Quando si afferma che due figure sono uguali non si è ancora detto tutto. Quali, per esempio, tra la figure qui illustrate sono uguali?
Sono certamente 'uguali' i triangoli A e D perché è possibile spostare A in modo da sovrapporlo esattamente al triangolo D. Ma anche C è uguale ad A e D: solo che è simmetricamente uguale e non si può sovrapporre agli altri. Il triangolo B, invece, non ha le stesse dimensioni di A: è però uguale per forma, è simile ‒ come si dice ‒ ad A. Infine, il rettangolo E è certamente diverso come forma da A: tuttavia, poiché ha la base uguale a quella di A e la sua altezza ne è la metà, la sua area risulta uguale a quella di A, secondo una nota regola della geometria elementare.
In geometria occorre perciò spesso spostare l'attenzione dall'idea di uguaglianza alle trasformazioni che permettono di passare da una figura all'altra. Per esempio, per ingrandire o rimpicciolire si può proiettare una figura da un punto O, oppure, per costruire la simmetrica di una figura, si possono tracciare punti dall'altra parte di una retta r alla stessa distanza da essa. Trasformazioni quali le traslazioni, le rotazioni o le simmetrie si trovano spesso in natura. E spesso si trovano forme che sono simili a loro stesse e sono chiamate frattali. A partire da un triangolo e costruendo ogni volta su ogni lato una nuova 'punta' a triangolo si forma una figura nota come il fiocco di neve di Koch.
Anche le trasformazioni geometriche possono essere descritte da equazioni. Per esempio, se si trasla una figura orizzontalmente, di 10 cm, ogni suo punto avente come ascissa un numero x si sposta e avrà come ascissa il numero x+10. Il vantaggio della descrizione attraverso le coordinate è che le soluzioni di una equazione sono facilmente calcolate da un computer. Rotazioni, ingrandimenti e anche movimenti più complessi possono essere descritti e riprodotti da un computer ed è così che oggi vengono prodotti e disegnati molti disegni animati.
Naturalmente la geometria non riguarda soltanto le figure del piano, ma anche i solidi e la descrizione dello spazio tridimensionale. Alle coordinate per lunghezza e larghezza basta aggiungerne un'altra per l'altezza e così si individua ogni punto dello spazio. Ma la geometria va oltre la descrizione dello spazio fisico. Tre coordinate, oltre a individuare un punto dello spazio, sono utilizzate per identificare un colore sul monitor di un computer. Ogni colore è identificato da tre numeri, a seconda di come si mescolano i tre colori fondamentali (che sono come gli assi del riferimento): il rosso, il verde e il blu.
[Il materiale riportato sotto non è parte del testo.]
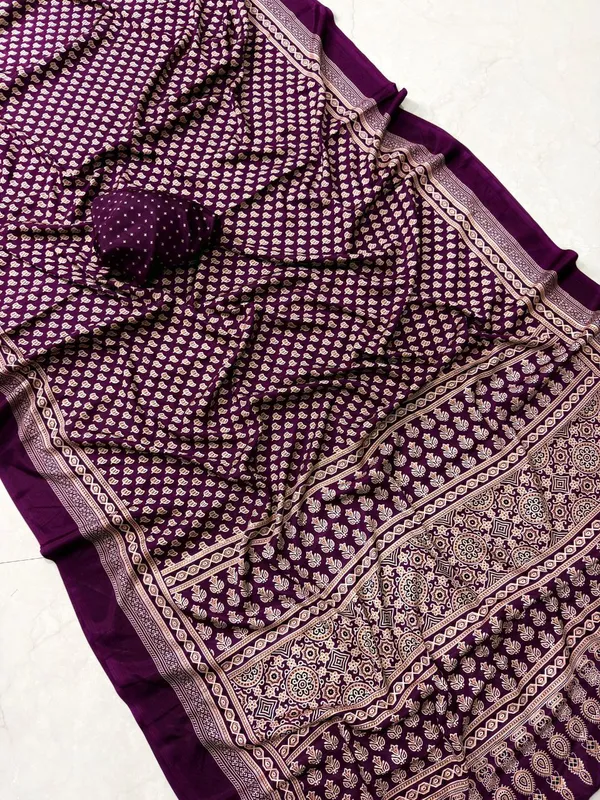 Wine_Ajrakh_Silk_Saree_For_Women_|_With_Blouse_Piece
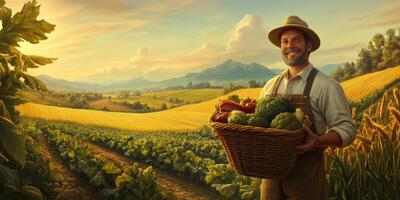 Smiling Farmer Holding Fresh Produce Basket in a Vibrant Agricultural Landscape with Lush Green Fields and Majestic Mountains in the Background photo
L'applicazione a numerosi problemi, i diversi modi di vedere lo spazio, l'interpretazione geometrica di fatti non geometrici quali i colori, le diverse impostazioni con equazioni o senza, la prospettiva, l'attenzione alle trasformazioni fanno sì che oggi non si parli più di geometria ma di geometrie, perché ve ne sono diverse varietà. Esistono anche geometrie ‒ come la topologia, una branca di questa disciplina ‒ per le quali non interessano le misure; e ci sono geometrie, dette geometrie non euclidee, in cui non vale uno dei postulati di Euclide. Si tratta del postulato della parallela, per il quale da un punto si può condurre una sola retta parallela a una retta data.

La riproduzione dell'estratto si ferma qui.